帰省してマイカーを得た僕は得意満面でした。まだ学生を継続していて時間は持て余すほどあります。バイト代はそのまま遊ぶ事だけに消費していた愚かな人間が車まで手に入れたのです。

母が作ったチャンポンをおかわりした後に心地よいお昼寝をしました。

好事魔多しとはよく言ったものです。

なの花が香りだしそうな晴れた午後に帰途につきました。

1時間ほど走った所にあったインターで高速に乗ろうか迷いましたが、そのまま下道を選択しました。

更に1時間程して反対車線側にあるコンビニに余裕の右折をして休憩することにしました。

煙草はいつもより心地よく肺に流れ、たっぷり入れるミルクもその日はブラックにしてコーヒーを飲みました。

疲れてなんかいないのです。「まだまだ遠いな~」とか「レポートを早く仕上げないとな~」とか独り言ちています。しかし全くそんな事は気にしていません。

お墓参りで帰省しUターンしている出来た息子を演じているのです。妄想の中では当然、数年前に免許は取得していて乗っているのは新型のスカイラインです。

「フゥー」と全然疲労の色が伺えない溜息をついた僕はハンドルを再び握りました。

山村の緑はやがてなくなり華やかな街並みが孝行息子を出迎えてくれるはずです。

あることに気が付きました。

ずっと左に流れていた川が右に流れています。日本には並行して流れる同じような水量の2級河川はないはずです。

更に1時間、ハンドルを今度はきつく握っています。真正面に元気だったはずの春の陽が山端に沈みそうです。汗は背中をジトっと伝って流れはじめ、心臓が急に早く血液を流しはじめました。

視界が開けた所に2時間前に迷った高速の入口がありました。

小学生の頃、友達の家に行き「じゃあね」の後に台所に入り笑われたことがありました。しかも「トイレ貸して」の後に妹さんの部屋に進入した日でした。

その建物の近辺の景色は直ぐに浮かびますし今いる此処も当然わかります。しかし此処からその建物への道筋がぼやけているのです。

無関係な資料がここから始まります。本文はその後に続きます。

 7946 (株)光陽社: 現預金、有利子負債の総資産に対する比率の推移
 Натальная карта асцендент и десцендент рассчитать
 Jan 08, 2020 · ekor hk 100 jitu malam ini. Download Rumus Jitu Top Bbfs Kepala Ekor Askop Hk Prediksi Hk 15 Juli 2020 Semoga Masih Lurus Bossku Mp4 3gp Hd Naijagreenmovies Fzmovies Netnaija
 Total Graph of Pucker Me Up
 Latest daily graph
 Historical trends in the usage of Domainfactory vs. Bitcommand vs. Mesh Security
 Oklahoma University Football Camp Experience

新卒の社員と同行営業に回る日でした。決して成績がそれ程でもない僕は助手席に乗っている新人よりも緊張していました。

帰社して彼は言いました「わざわざ遠回りをしてまで仕事の説明をして頂きありがとうございました」

車通勤の僕は毎日同じ経路で往復します。大通り以外の選択はありません。

この時間はここは混んでいるからとか、信号待ちで何番目だから等の理由で経路変更することはありません。

その雨の夜は酷い渋滞でした。理由は工事ではなく事故だったと思います。お腹が空いていた僕は意を決して迂回することにしました。

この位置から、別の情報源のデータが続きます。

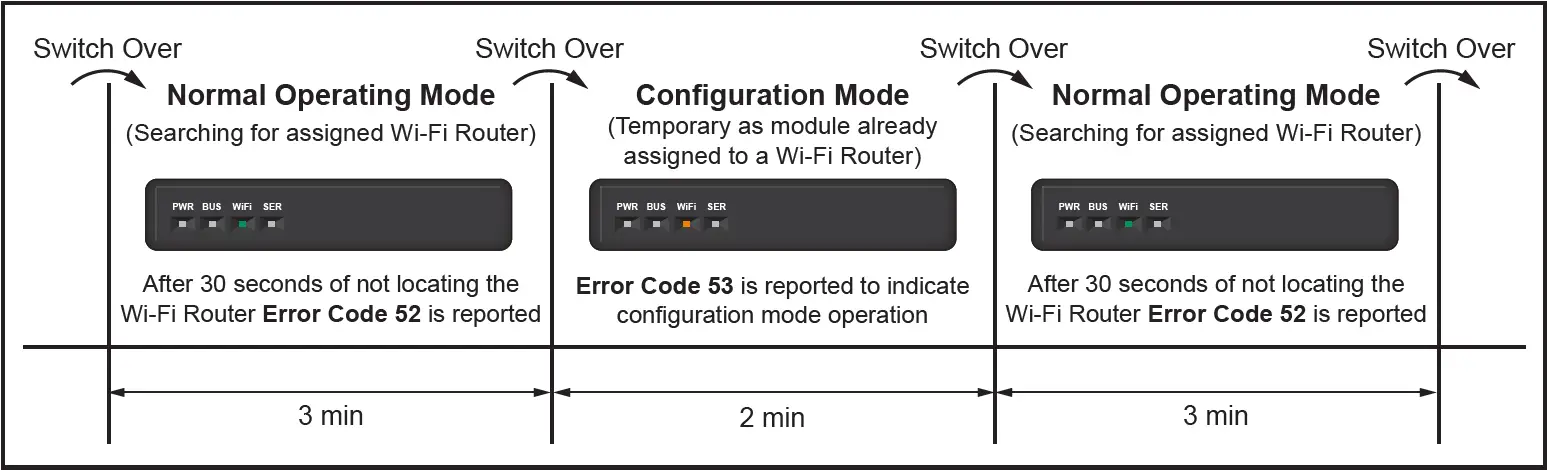 TOUCH Wi-Fi MODULE NOT SAFELY ACCESSIBLE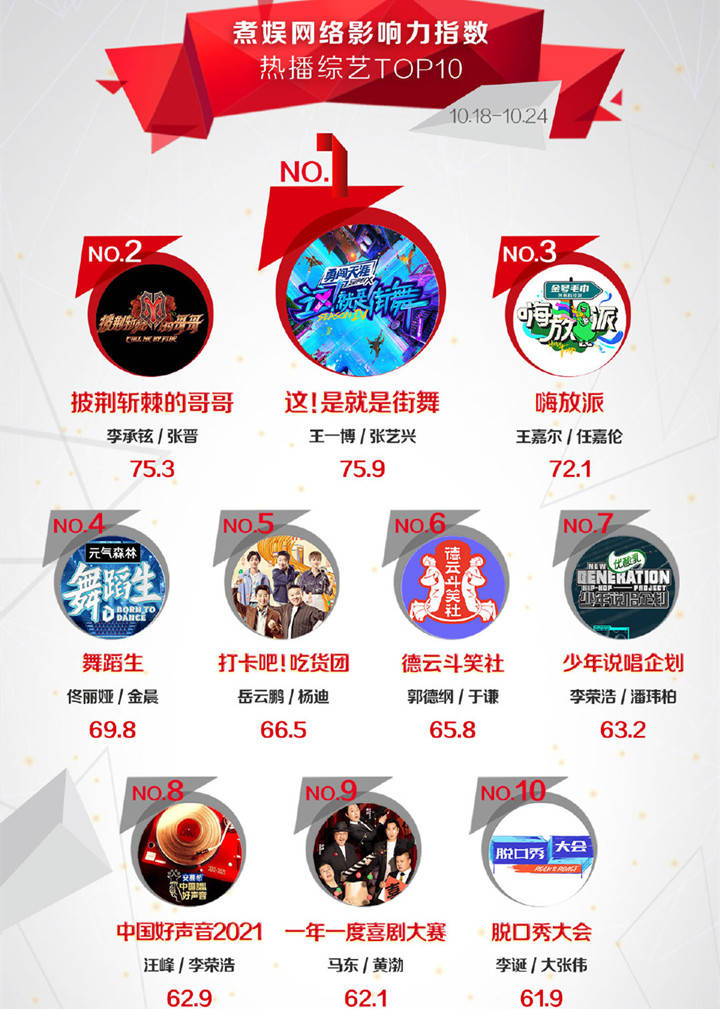 2024年香港開獎結(jié)果,實(shí)際確鑿數(shù)據(jù)解析統(tǒng)計_旅行者版31.258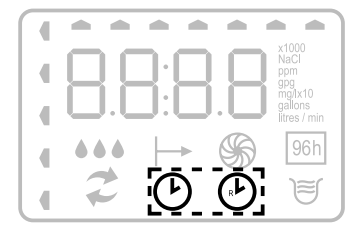 Controller Screen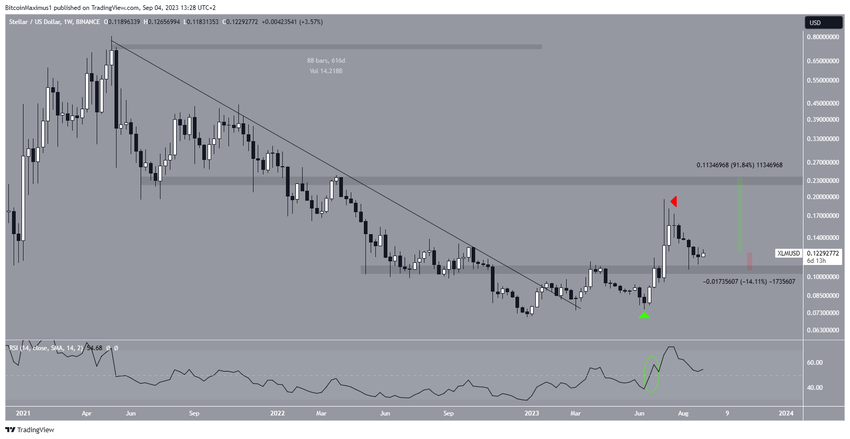 Stellar (XLM) Price Range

自信はありました、遅刻しそうな朝はいつもと違う近道をいくのですから。何度も遅刻しそうになり何度も通った細い路地を逆に進めば良いのですから。

全く違う土地につきました。

ハンドルを叩き、タイヤを蹴りつけたい衝動に駆られます。

カーナビを購入することにしました。

僕はドライブデートはしないことにしています。